Stewardship land is federally-owned land that is set aside for the use and enjoyment of present and future generations, and land on which military bases are located. Except for military bases, this land is not used or held for use in general Government operations. Stewardship land is land that the Government does not expect to use to meet its obligations, unlike the assets listed in the Balance Sheets. Stewardship land is measured in non-financial units such as acres of land and lakes, and a number of National Parks and National Marine Sanctuaries. Examples of stewardship land include national parks, national forests, wilderness areas, and land used to enhance ecosystems to encourage animal and plant species, and to conserve nature. This category excludes lands administered by the Bureau of Indian Affairs and held in trust.
The majority of public lands that are under the management of DOI were acquired by the Government during the first century of the Nation’s existence between 1781 and 1867.
Stewardship lands are used and managed in accordance with the statutes authorizing their acquisition or directing their use and management.
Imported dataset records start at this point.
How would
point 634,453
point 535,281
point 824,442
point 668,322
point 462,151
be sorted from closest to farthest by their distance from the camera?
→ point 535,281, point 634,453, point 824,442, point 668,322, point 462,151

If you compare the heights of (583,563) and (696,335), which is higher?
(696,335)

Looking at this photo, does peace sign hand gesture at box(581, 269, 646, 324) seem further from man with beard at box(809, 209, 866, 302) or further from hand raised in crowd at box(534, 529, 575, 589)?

Additional detailed information concerning stewardship land, such as agency stewardship policies, physical units by major categories, and the condition of stewardship land, can be obtained from the financial statements of DOI, DOC, DOD, and USDA.
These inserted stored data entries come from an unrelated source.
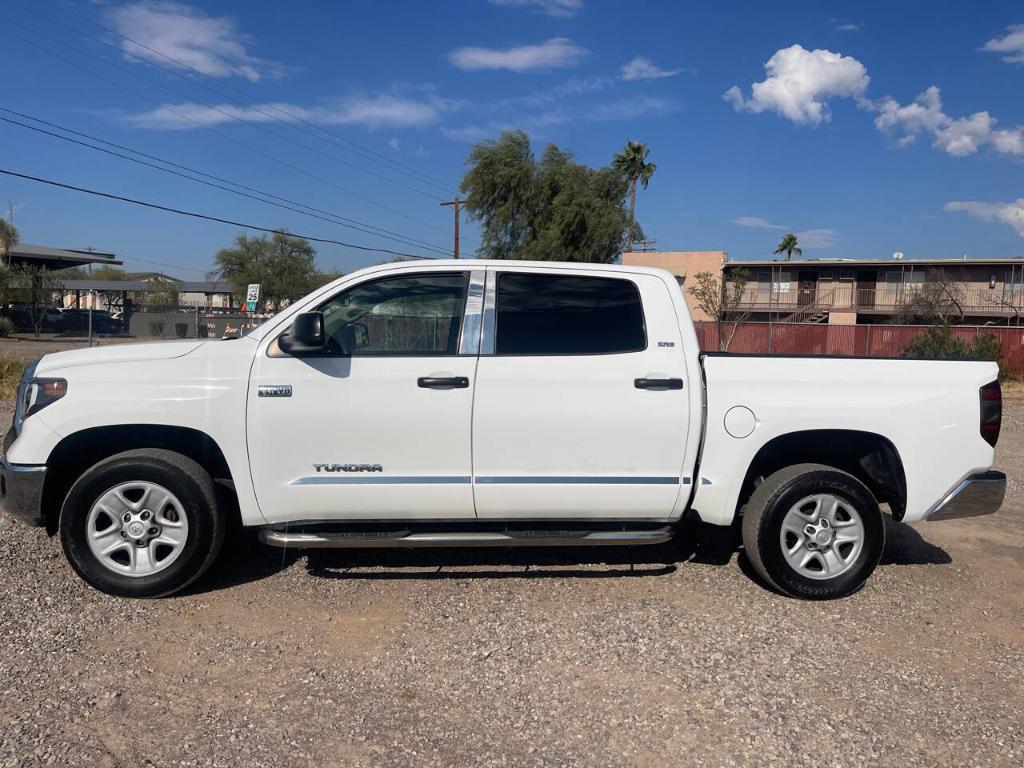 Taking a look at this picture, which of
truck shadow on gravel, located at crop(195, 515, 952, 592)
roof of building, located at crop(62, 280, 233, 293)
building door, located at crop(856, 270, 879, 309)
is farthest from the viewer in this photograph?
roof of building, located at crop(62, 280, 233, 293)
Heritage assets are Government-owned assets that have one or more of the following characteristics:
The cost of heritage assets often is not determinable or relevant to their significance. Like stewardship land, the Government does not expect to use these assets to meet its obligations. The most relevant information about heritage assets is non-financial. The public entrusts the Government with these assets and holds it accountable for their preservation. Examples of heritage assets include the Mount Rushmore National Memorial and Yosemite National Park. Other examples of heritage assets include the Declaration of Independence, the U.S. Constitution, and the Bill of Rights preserved by the National Archives. Also included are national monuments/structures such as the Vietnam Veterans Memorial, the Jefferson Memorial, and the Washington Monument, as well as the Library of Congress. Many other sites such as battlefields, historic structures, and national historic landmarks are placed in this category, as well.
Many laws and regulations govern the preservation and management of heritage assets. Established policies by individual Federal agencies for heritage assets ensure the proper care and handling of the assets under their control and preserve these assets for the benefit of the American public.
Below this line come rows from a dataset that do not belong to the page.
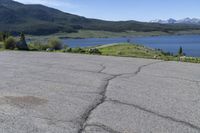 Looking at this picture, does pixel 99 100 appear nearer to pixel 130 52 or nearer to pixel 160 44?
pixel 130 52

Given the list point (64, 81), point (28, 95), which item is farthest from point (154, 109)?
point (64, 81)

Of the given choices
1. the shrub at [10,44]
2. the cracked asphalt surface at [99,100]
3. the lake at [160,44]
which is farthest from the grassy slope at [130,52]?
the lake at [160,44]

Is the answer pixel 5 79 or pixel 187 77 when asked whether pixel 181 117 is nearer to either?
pixel 187 77

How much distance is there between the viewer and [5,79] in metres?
8.93

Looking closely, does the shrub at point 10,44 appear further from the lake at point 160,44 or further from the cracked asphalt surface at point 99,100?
the lake at point 160,44

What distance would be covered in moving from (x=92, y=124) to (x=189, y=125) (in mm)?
1403

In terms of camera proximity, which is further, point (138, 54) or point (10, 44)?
point (10, 44)

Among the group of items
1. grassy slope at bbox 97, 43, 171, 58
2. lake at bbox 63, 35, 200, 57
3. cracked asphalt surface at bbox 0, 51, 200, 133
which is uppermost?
cracked asphalt surface at bbox 0, 51, 200, 133

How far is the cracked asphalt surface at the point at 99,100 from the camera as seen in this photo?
5.35 m

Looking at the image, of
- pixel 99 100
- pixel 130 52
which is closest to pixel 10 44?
pixel 130 52

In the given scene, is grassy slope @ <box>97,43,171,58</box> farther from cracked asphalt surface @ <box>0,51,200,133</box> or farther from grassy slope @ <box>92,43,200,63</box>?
cracked asphalt surface @ <box>0,51,200,133</box>

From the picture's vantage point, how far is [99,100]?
6.84 m

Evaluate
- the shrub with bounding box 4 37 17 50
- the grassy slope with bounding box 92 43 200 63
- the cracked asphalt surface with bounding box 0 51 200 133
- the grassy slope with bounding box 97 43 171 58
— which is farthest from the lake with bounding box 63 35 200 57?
the cracked asphalt surface with bounding box 0 51 200 133

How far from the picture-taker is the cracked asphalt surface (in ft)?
17.5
Some heritage assets are used both to remind us of our heritage and for day-to-day operations. These assets are referred to as multi-use heritage assets. One typical example is the White House. The cost of acquisition, betterment or reconstruction of all multi-use heritage assets is capitalized as general PP&E and is depreciated.
The Government classifies heritage assets into two broad categories: collection type and non-collection type. Collection type heritage assets include objects gathered and maintained for museum and library collections. Non-collection type heritage assets include national wilderness areas, wild and scenic rivers, natural landmarks, forests, grasslands, historic places and structures, memorials and monuments, buildings, national cemeteries, and archeological sites.
The discussion of the Government’s heritage assets is not all-inclusive. Rather, it highlights significant heritage assets reported by Federal agencies. Please refer to the individual financial statements of the DOC, VA, State, DOD, National Archives and Records Administration, and Web sites for the Library of Congress (http://www.loc.gov), the Smithsonian Institution (http://www.si.edu), and the Architect of the Capitol (http://aoc.gov) for additional information on multi-use heritage assets, agency stewardship policies, and physical units by major categories and conditions.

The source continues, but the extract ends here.